Tri-state area police agencies as a whole investigate about 500 vehicle thefts a year. Most of those cases involve vehicles that are running and left unattended, but there are also cases that give innocent kids mini-joyrides.
"You turn your attention to the cashier, you turn around and your vehicle is gone, you have no idea, we had it happen here recently because it does happen here," said Whitford.
So why does it happen?
"There are so many scenarios where children are left in danger," said Whitford. "Just running into a store the child might be sleeping and might be buckled into a car seat and you think that you're only going to be a minute or two."
Several parents say they would not leave their kids in their car for any amount of time.
"Never, never, there are just too many things that can happen," said Marilyn Wilson. "You never plan on those things happening but just in case you don't want to be the one and the thought of something happening to my children because I made one of those rash decisions I wouldn't be good for the rest of my life so I made a choice a long time ago that I would never do that."
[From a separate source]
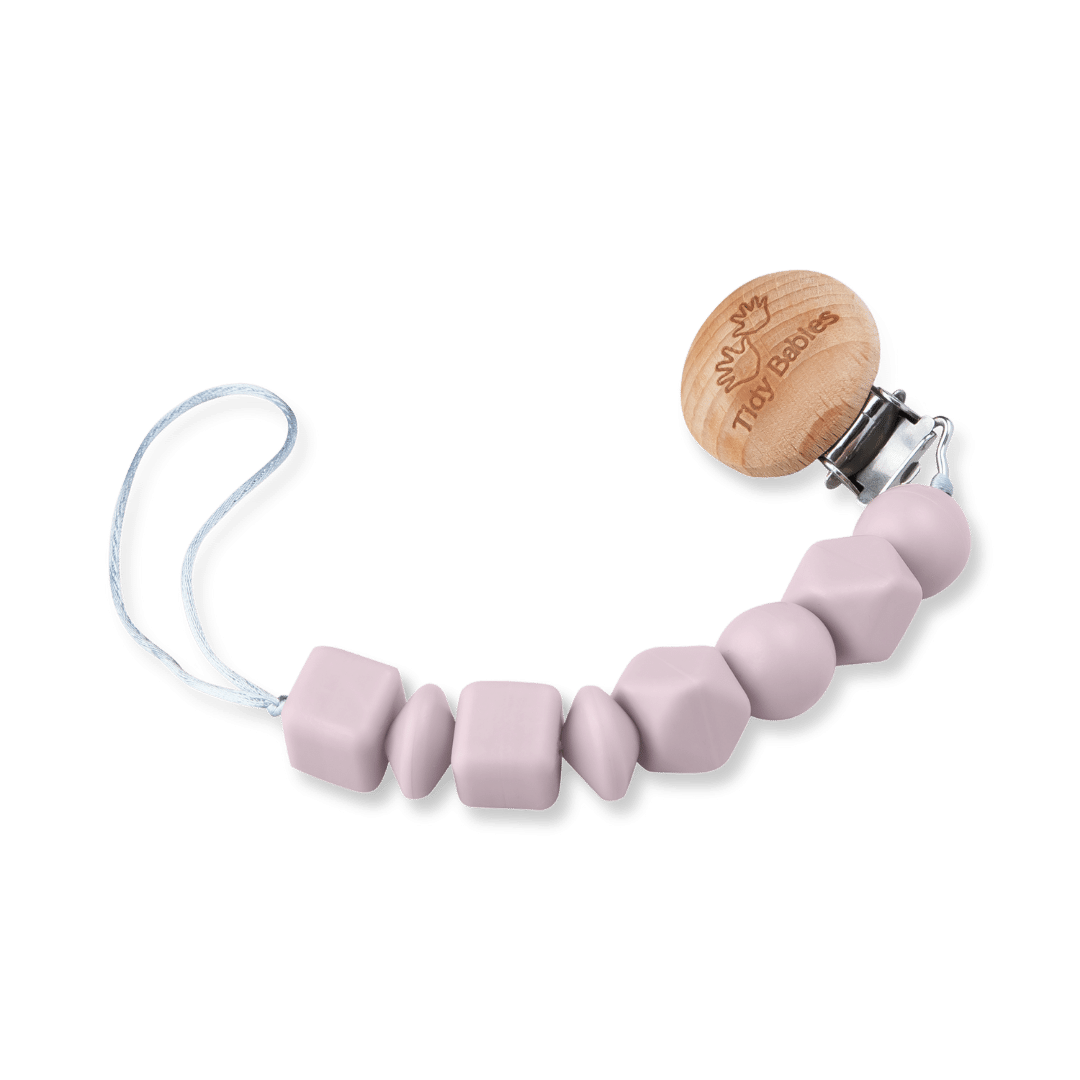 Silicone Beads Baby Dummy Clip - Musk - Pacifier Clips & Holders Silicone Beads Dummy Clip – Bpa-free Pacifier Holder with Wooden Clasp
FOX19 News went undercover, spending several days at convenience stores, post offices and gas stations to see how many parents really do refuse to take a chance of leaving their kids alone, even for just a minute. In the hours we watched, no one left their kids.
"I don't even think that it's complacency, I just think that you don't think that it's going to be you and it one of those things where you say it's going to be OK and that is the way that I like to operate at, that everything is going to be OK but I'm still responsible," said Wilson. "Those kids didn't ask to be here, it our jobs to take care of them I don't care how inconvenient it is...take those kids with you."
In some cases, leaving children unattended in a car can lead to criminal charges.
"Yes, it is in the state of Kentucky. It is against the law to leave a vehicle running unattended, said Whitford.
Police and child advocates say if you're in the situation, make the judgment simple. Turn your car off and don't leave your kids alone.